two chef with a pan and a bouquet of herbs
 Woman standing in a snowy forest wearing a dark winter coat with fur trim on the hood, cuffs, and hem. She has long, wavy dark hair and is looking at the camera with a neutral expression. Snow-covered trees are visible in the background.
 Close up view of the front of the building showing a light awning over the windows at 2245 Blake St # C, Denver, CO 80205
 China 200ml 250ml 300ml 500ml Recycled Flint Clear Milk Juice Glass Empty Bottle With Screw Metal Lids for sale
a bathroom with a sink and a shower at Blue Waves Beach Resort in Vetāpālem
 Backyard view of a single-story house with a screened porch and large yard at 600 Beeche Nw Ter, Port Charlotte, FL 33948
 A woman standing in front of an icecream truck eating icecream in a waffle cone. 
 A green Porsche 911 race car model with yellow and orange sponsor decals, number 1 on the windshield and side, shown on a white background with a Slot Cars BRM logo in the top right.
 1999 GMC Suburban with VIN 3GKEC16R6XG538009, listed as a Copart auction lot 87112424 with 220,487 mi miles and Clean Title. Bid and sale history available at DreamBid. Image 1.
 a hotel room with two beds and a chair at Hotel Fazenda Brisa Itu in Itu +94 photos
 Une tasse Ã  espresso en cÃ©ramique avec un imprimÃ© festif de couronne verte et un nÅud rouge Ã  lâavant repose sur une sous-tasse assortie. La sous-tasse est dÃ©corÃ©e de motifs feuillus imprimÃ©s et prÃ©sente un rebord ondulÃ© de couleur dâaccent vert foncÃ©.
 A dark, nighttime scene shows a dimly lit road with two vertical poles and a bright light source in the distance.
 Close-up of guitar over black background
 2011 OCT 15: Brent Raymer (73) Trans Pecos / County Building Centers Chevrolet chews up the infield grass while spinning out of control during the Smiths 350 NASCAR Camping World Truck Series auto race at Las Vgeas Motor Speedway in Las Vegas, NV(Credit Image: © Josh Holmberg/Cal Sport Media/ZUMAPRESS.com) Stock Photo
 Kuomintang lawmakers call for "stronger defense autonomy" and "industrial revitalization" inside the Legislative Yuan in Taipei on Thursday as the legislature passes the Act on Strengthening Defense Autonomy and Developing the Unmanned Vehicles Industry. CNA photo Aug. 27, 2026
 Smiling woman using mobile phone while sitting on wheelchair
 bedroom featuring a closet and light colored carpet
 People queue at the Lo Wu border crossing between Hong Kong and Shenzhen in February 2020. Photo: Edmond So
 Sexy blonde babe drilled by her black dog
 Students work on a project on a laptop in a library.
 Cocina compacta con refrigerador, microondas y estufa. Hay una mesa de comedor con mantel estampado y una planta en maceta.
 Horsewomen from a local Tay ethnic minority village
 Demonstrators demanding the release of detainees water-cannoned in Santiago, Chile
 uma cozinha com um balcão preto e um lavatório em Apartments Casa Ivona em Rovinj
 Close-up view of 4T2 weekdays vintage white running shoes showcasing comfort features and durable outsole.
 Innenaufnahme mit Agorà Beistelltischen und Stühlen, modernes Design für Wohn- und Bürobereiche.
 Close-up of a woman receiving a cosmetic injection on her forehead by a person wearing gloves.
---
* Exercise: Return word for word the lines above from the line with "Sexy blonde babe drilled by her black dog" to the line with "Horsewomen from a", including both and leaving out all others.

* Expected output:
 Sexy blonde babe drilled by her black dog
 Students work on a project on a laptop in a library.
 Cocina compacta con refrigerador, microondas y estufa. Hay una mesa de comedor con mantel estampado y una planta en maceta.
 Horsewomen from a local Tay ethnic minority village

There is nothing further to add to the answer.